Lionhead also has a structure called "concrete" that allows assets from one game -- say, a tree from Black & White -- to take directly into a totally different game -- such as Fable 2.
Further off, Molyneux would like to expand that out to systems like AI, to allow prototypes to be quickly assembled in a modular fashion.
Later on, the board assesses the success of the experiment: Why is it being attempted? How much would it cost to make? How often would it be seen in a game? How would it be taught to the player? Ultimately, the final question is whether the idea should be executed and put into a game.
Interestingly, in the past, experiments have made it into Lionhead games but ended up not being significantly used by the games' designers, so the studio now puts more emphasis on ensuring designers are familiar with the additions.

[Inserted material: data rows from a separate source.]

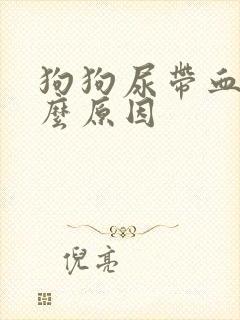 狗狗尿带血是什么原因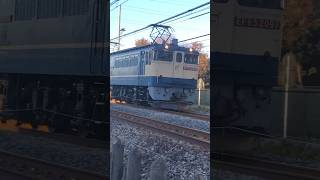 EF65 EF652097 タキ　高崎線　国鉄　特急色　電機機関車　2023年 12月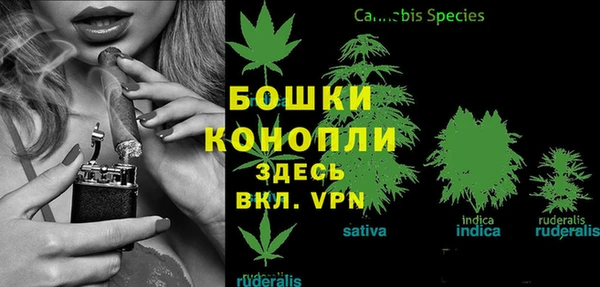 мяу мяу мука Сафоново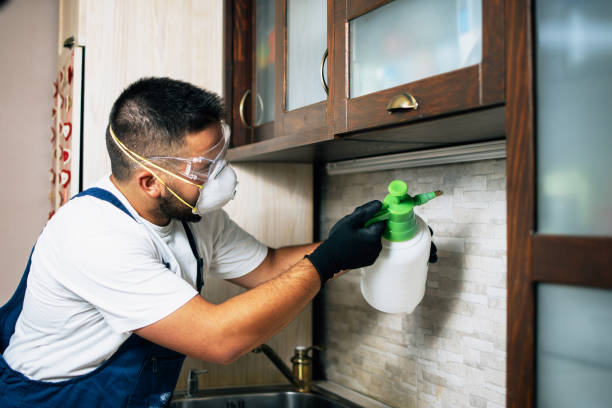 Best Pest Control for Homes  in Fellsmere, FL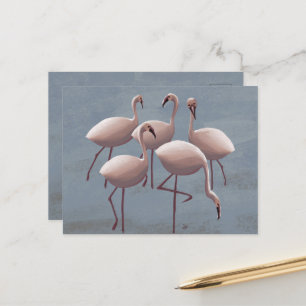 Serengeti Pink Flamingos   safari in het wild Briefkaart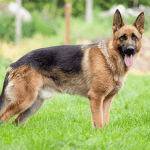 German-Shepherd-dog-Alsatian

"Where does the money come from?" an audience member asked.
"Well, we do a lot of busking on streets," Molyneux joked, then explained that experiments for a particular game come out of that game's budget, while broader projects come out of the budget for Lionhead's Central Technology Group.
"We generally find it rare that you can't justify it," he said, since the teams and development cycles are not extensive. "They're very small amounts of money."

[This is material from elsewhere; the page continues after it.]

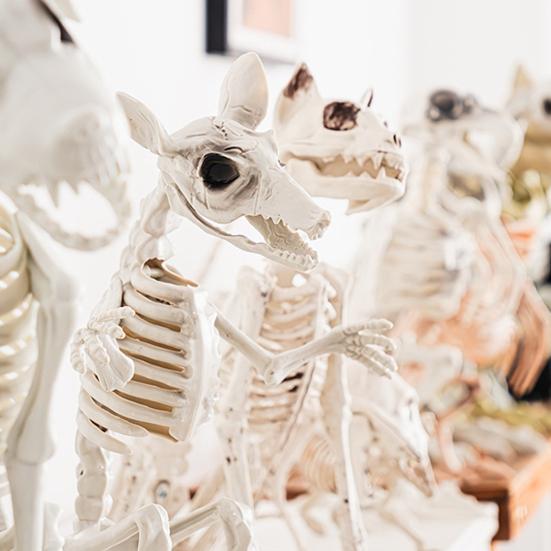 Halloween Skeleton Animal Decoration Creepy Cat/Dog/Bird/Rat/Goat Head Plastic Bones for Courtyard Graveyard Halloween Decor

After his overview of the process, Molyneux demonstrated a number of actual experiments. He began by showing an early version of Fable II's dog, which he himself designed and which ended up factoring heavily into the full game.

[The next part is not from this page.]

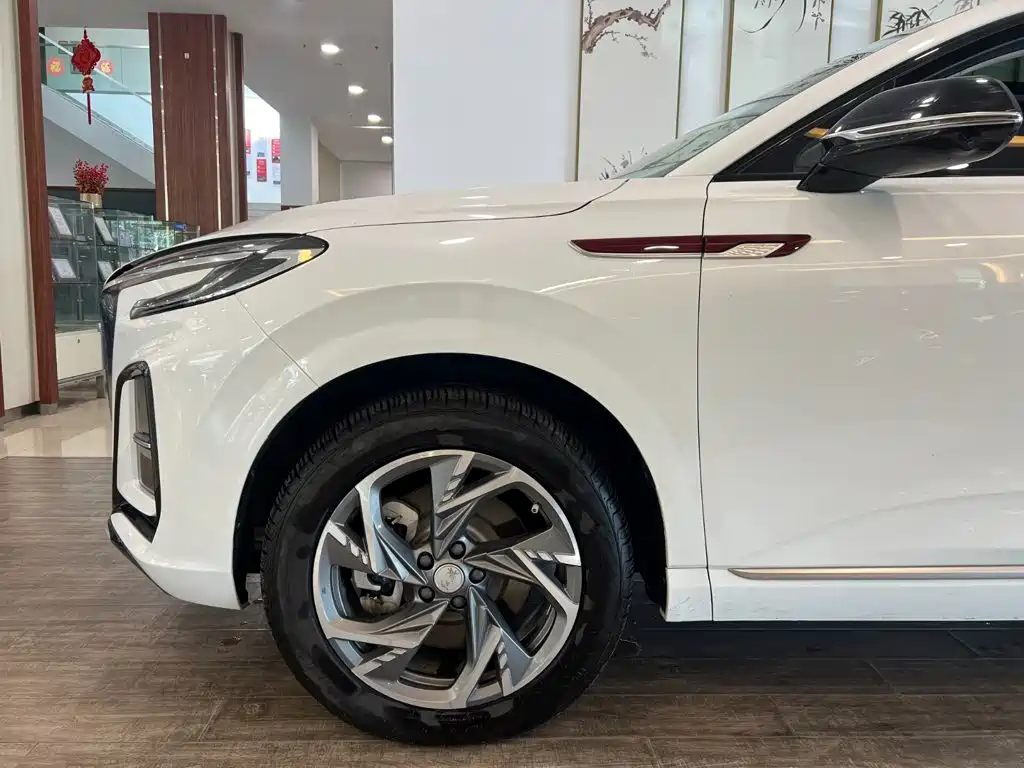 Hongqi Hongqi HS3 PHEV — миниатюра 4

"This is probably one of the most valuable experiments we ever did," he said. Using the original Fable engine, the team asked itself, "Why don't we think how the dog can actually move and be a companion to the player?"
They decided to focus on exploring what a dog would do, rather than try to slot a canine into existing typical video game companion tasks. This led to the mechanic of the dog running out in front of the player, rather than beside or behind the player as most game AI companions are positioned, which had a huge impact on the dog's role.
A number of experiements were demonstrated in quick succession: one used the graphics chip to generate thousands and thousands of animated creatures (which ended up not making it in time for Fable 2, one that took one coder ten days to develop more advanced fluid physics effects, one about using lighting for shoft shadows, one that attempted emotive facial expression technology.
Molyneux then referred back to a talk he once gave about his frustration that more people couldn't experience combat-heavy video games due to the dexterity required to operate multi-button controls.
Following the talk, a Lionhead employee told him, "I've got this really cool idea for something called one-button combat," so he was set up with Lionhead's prototype engine to try and design the heavily context-sensitive systems.
That ended up being the core of Fable II's combat -- "The cost was enormously high implementing that into Fable II, but the reward was massive," he said.
Next up was something called The Room, which Molyneux had previously demonstrated at a past Game Developers Conference and which he said ultimately proved unsuccessful after spending a great deal of time on it.
Set in an elegant living room, it allows players to shape objects with small blocks of clay, which the game then turns into nicely-modeled objects, but also contains portals (similar to those of Portal, but developed before the release of that game) that not only transport objects in real-time but also change their size and other properties in proportion to the relative size of the two portal openings.
Molyneux noted that the portal technology can even be used to connect two different players over an online connection, but unfortunately, "it wasn't really an experiment that ever went anywhere."
Interestingly, some of the developers behind that very project ended up going on to leave Lionhead and form Media Molecule, which released last year's LittleBigPlanet.